Nagranie rozmowy telefonicznej było jednym z dowodów, który pozwolił na wykrycie zbrodni sprzed 13 lat. Chodzi o sprawę zabójstwa noworodka, na działkach, na Wyspie Puckiej przez prostytutkę.
Eleonora Z. zaszła w ciążę z jednym ze swoich klientów. Dziecko urodziła na działce i czekała aż utopi się w wiaderku z wodami płodowymi. Następnie martwe niemowlę zawinęła w reklamówkę i wyrzuciła do kontenera na śmieci. Zwłok dziecka nigdy nie odnaleziono.
Prokurator Maciej Jóźwiak wyjaśnia, jak doszło do wykrycia tej zbrodni. - W Prokuraturze Okręgowej w Szczecinie jest powołany dział cyberprzestępczości i nowoczesnych technologii, który się zajmuje ściganiem przestępstw niewykrytych o poważnym charakterze. W tym dziale ta sprawa była rozpoznawana. Zgromadzony materiał dowodowy pozwolił na przedstawienie zarzutu oskarżonej - powiedział prokurator Maciej Jóźwiak.

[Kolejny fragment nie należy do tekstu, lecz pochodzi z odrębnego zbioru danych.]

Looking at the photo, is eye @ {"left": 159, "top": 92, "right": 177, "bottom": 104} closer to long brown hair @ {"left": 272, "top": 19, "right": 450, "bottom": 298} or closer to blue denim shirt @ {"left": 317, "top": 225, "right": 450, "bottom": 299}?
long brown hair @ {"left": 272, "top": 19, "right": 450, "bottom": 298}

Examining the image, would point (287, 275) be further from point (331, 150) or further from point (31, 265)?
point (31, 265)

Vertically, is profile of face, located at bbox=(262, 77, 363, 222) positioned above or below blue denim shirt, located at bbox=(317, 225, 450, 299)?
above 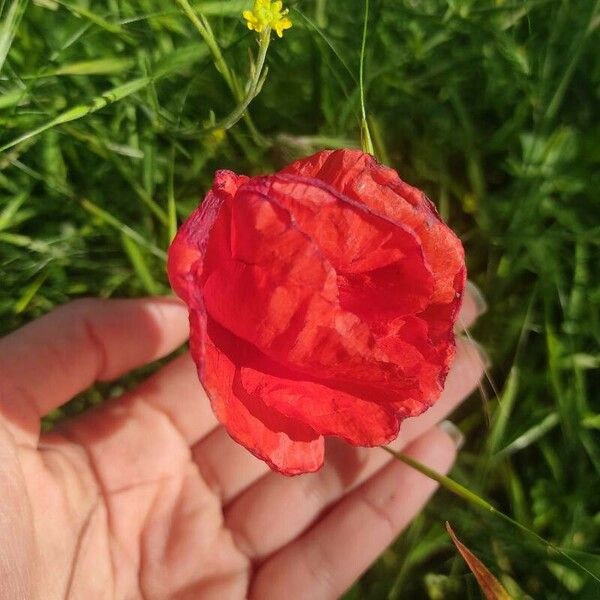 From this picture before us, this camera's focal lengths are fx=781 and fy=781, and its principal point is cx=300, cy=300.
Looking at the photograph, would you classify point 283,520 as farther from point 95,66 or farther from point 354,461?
point 95,66

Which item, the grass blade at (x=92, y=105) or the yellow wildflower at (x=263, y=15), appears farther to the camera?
the grass blade at (x=92, y=105)

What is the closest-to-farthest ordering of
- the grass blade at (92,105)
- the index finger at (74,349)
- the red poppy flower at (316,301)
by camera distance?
the red poppy flower at (316,301) < the grass blade at (92,105) < the index finger at (74,349)

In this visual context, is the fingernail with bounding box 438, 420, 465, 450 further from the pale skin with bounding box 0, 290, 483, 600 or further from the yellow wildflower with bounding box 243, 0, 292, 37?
the yellow wildflower with bounding box 243, 0, 292, 37

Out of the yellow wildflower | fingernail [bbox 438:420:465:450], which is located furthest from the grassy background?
the yellow wildflower

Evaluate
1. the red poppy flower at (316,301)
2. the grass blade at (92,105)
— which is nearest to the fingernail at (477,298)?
the red poppy flower at (316,301)

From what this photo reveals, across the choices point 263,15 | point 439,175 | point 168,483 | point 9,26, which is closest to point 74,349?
point 168,483

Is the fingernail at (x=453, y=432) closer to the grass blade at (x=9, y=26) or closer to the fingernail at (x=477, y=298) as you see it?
the fingernail at (x=477, y=298)

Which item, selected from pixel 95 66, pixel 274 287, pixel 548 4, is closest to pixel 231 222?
pixel 274 287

Okazuje się, że jednym z kluczowych dowodów w sprawie są nagranie rozmowy Angeliki Z. z klientem Eleonory Z. Z rozmowy wynika, że Eleonora Z. urodziła dziecko na działkach.
Angelika Z. miała zostać wysłuchana w środę przez sąd, ale po raz kolejny nie stawiła się na rozprawę. Jeśli nie stawi się w kolejnym terminie, to prokuratura ujawni bez jej obecności nagranie rozmowy telefonicznej.
Podczas śledztwa Eleonora Z. przyznała się do winy. Grozi jej kara dożywotniego pozbawienia wolności.